# Hey everybody some news ones. Plus one that i would like a particular look at.



## neatthings (Oct 4, 2016)

Please give me some info on the Horlicks, its from my home town Racine and I'd possible like to have it tumbled/cleaned. Age and if its worth it to have it tumbled.


----------



## Nevadabottles (Oct 4, 2016)

Here is one that is cleaned on Ebay http://www.ebay.com/itm/like/231501153698?lpid=82&chn=ps&ul_noapp=true not sure the age, but my guess would be some around the 1910's. I am not a pro on jars so that might not be close.

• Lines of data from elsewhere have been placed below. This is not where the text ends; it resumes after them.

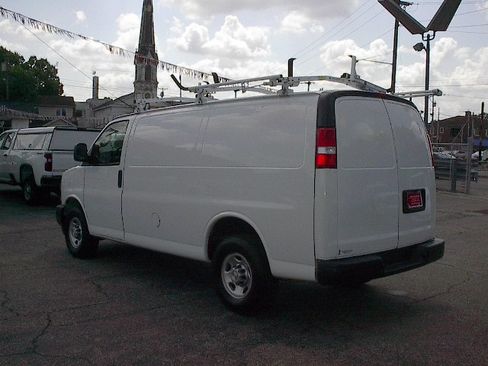 Used 2020 Chevrolet Express 3500 UNAVAIL RWD image 6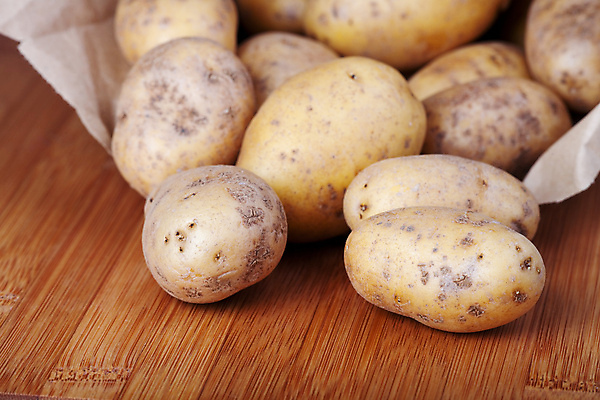 포토 JPG 해외이미지 잡화 종이 음식 채소 가방 감자 요리 사람없음 목재 갈색 잡기 유기농 자루 성분 생식 채식주의자 해외202004 해외포토 나무 웰빙 컬러 재료 모션 채식 파일형식 이미지허브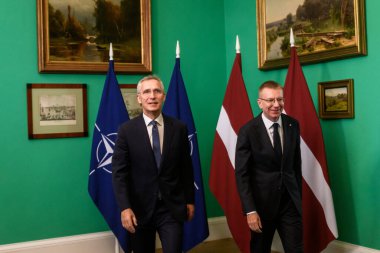 RIGA, LATVIA. 11 Haziran 2024. Jens Stoltenberg (L), NATO Genel Sekreteri ve Edgars Rinkeviç (R) Letonya Cumhurbaşkanı B9 'a (Bükreş 9) geldi..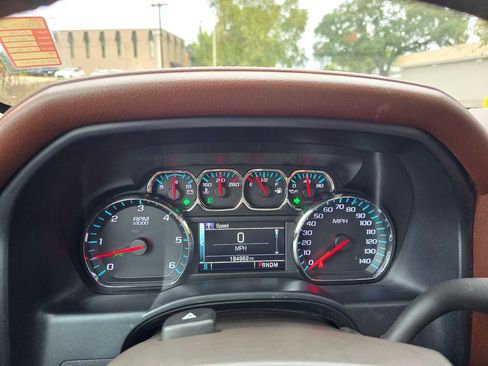 Used 2015 Chevrolet Silverado 1500 High Country w/ High Country Premium Package image 41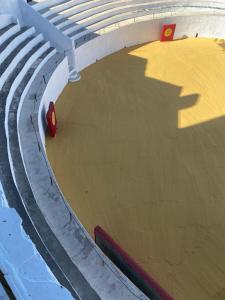 AlcuéscarにあるAlbergue turistico Alcuescar vía de la plataのスタジアムでスケートボードに乗っている人の影 +2枚の写真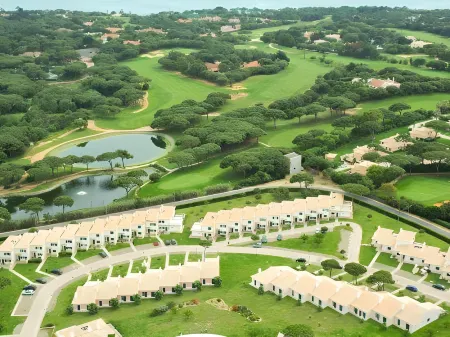 Vila Bicuda Resort Отели рядом с достопримечательностью «Кашкайш»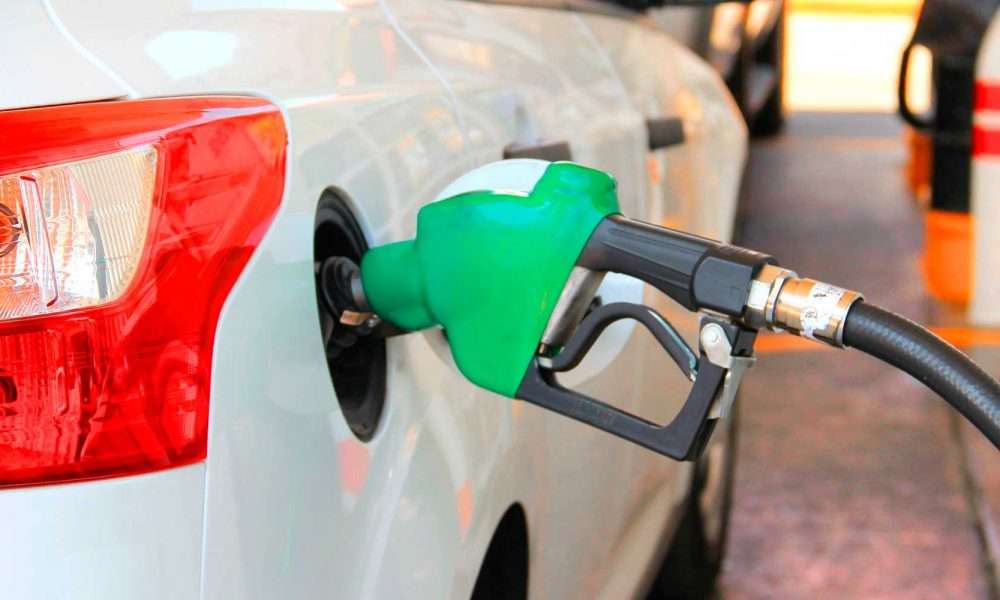 Gasolinas bajan más de 50 centavos por galón, según monitoreo del MEM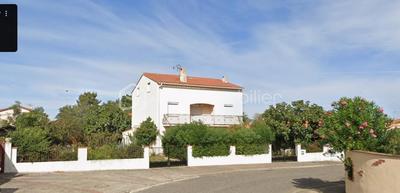 Immeuble - 150 m² - 9 pièces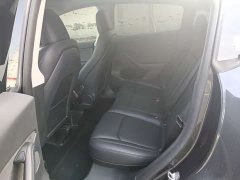 Tesla Model Y Rear-Wheel Drive - ფოტო 5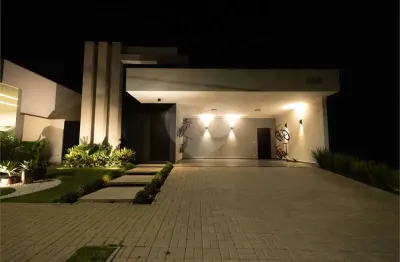 Casa  à venda com 3 quartos, sendo 3 suítes,  no condomínio eco esportivo damha iv, são carlos - sp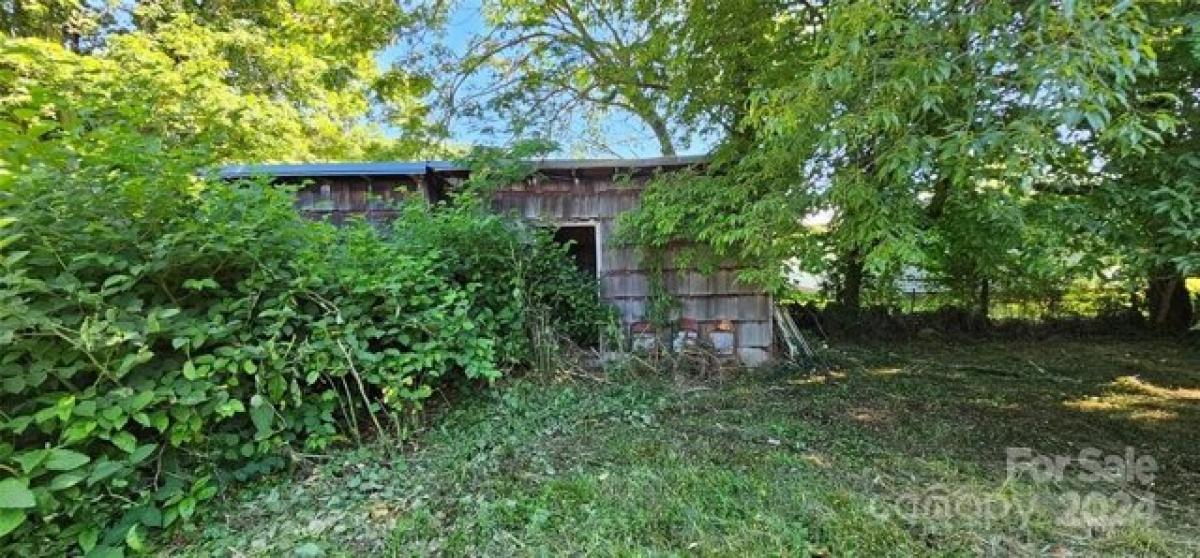 Picture of Home For Sale in Waynesville, North Carolina, United States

Here is a 7" one not sure what height your's is http://www.ebay.com/itm/VINTAGE-7-H...195424?hash=item3d2796bda0:g:R5EAAOSwOyJX6D7X


----------



## andy volkerts (Oct 5, 2016)

I would say that buying the cleaned one from e-bay would be the best choice. after sending your bottle both ways (postage) plus bottle cleaning fee, you would have more invested than what your bottle is worth.....and your bottle looks to be turn of the century1895-1910


----------



## RIBottleguy (Oct 5, 2016)

Unfortunately Horlicks are super common ($1-2) and tumbling costs $15-20.  Trust me, you'll find more of them!


----------



## botlguy (Oct 5, 2016)

I definitely agree with the others, don't waste your money on cleaning a super common jar.
Jim


----------